Per i nati nel dopoguerra la situazione è esattamente l'opposto di quella che descrivi.
E' vero che lavoravano, e forse alcuni si lamentavano meno, ma il problema è tutto legato alle aspettative. Chi iniziava una carriera, anche se pagato poco, aveva l'aspettativa che il proprio stipendio potesse crescere rapidamente. E con uno stipendio (comunque in media molto più sicuro di oggi) riusciva a costruire una famiglia, comprarsi una casa, ecc.
Chiaramente molti beni costavano più di oggi, ci si accontentava di più, ma quello è un passaggio naturale delle evoluzioni dei beni di consumo e della tecnologia.
Ma le prospettive facevano la differenza. Anche una persona della cosiddetta classe media, con un lavoro mediamente retribuito, riusciva ad avere uno stipendio che gli garantiva appunto un certo tenore di vita. Ancora diverso il discorso per chi ha studiato, dove una laurea 50 anni fa ti garantiva di accedere a retribuzioni che oggi sono alla portata di pochi.
Chi inizia oggi a lavorare, o ha iniziato pochi anni fa, sa che deve emergere dalla massa. Altrimenti è "condannato" a lavori con una retribuzione che non cresce negli anni, o comunque che cresce meno del costo della vita, e sa che mediamente sarà difficile risparmiare per comprarsi una casa adatta a una famiglia, soprattutto se si è soli. E ancora più difficile è pensare di poter dare a dei figli un futuro, sapendo che rischiano di trovarsi in una situazione addirittura peggiore.
Sono considerazioni con molte sfaccettature, impossibile ridurle a “si stava meglio” o simili.
La classe media era molto meno estesa di ora.
La parte del leone la facevano la classe operaia ed impiegatizia, che non avevano tutto questo gran potere di acquisto… ma che se la cavavano stando attenti alle spese ed agli sprechi. E lavorando.
Chi aveva un diploma o una laurea trovava spalancate tutte le porte, questo sì. Purtroppo oggi molte più persone si diplomano e a miriadi si laureano, specie in facoltà che non offrono sbocchi lavorativi, e finiscono così a ciondolare insoddisfatti nel mondo del precariato e del “Le mie competenze non sono valorizzate”.

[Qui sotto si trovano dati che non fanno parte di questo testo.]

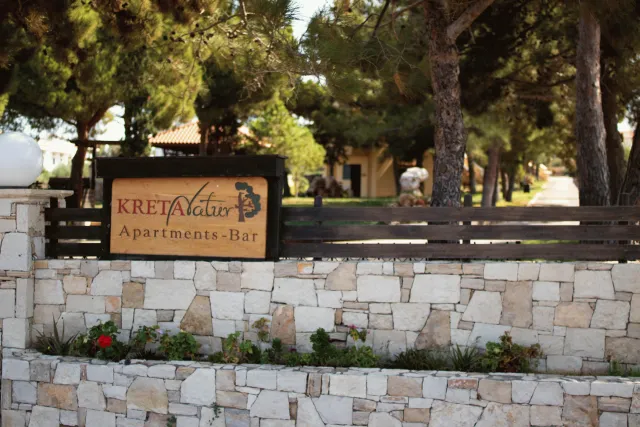 Billede av hotellet Kreta Natur - nummer 1 af 10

Prima avevano, questo sì, una prospettiva di stabilità lavorativa che oggi manca, ma erano anche meno pretenziosi: il frigorifero, la televisione (una in tutta la casa), il telefono (uno per tutta la famiglia), la macchina (la Fiat 500 o 600, non la Maserati spider per fare colpo: quella roba era appannaggio solo di chi certe cose se le poteva permettere) e l’elenco sarebbe ancora molto lungo.
La vacanza era di 15 giorni in Italia. Mio padre portava il resto della famiglia al lido di Jesolo, ci scaricava là e tornava a prenderci alla fine perchè nel frattempo aveva il negozio cui badare.
Il problema oggi è l’enorme vetrina di generi e stili di vita voluttuari, a disposizione di tutti.. a patto di svenarsi. Il ventenne vuole il viaggio a Katmandu, la venticinquenne esige un compagno che le garantisca cose che anche solo 30 anni fa erano appannaggio dei ricchi… questo è, poi possiamo anche parlare d’altro ma questi sono i bisogni indotti di oggi.
La conseguenza principale è che in queste condizioni, con un precariato lavorativo ben più esteso di quanto non sia mai stato in passato e con queste pretese più o meno latenti, risparmiare e mettere da parte soldi è praticamente impossibile, visto che ne servono troppi per mantenere un tenore di vita che non sta in piedi, se non si è già benestanti in partenza.
Di qui la generale insoddisfazione di molte fasce di popolazione.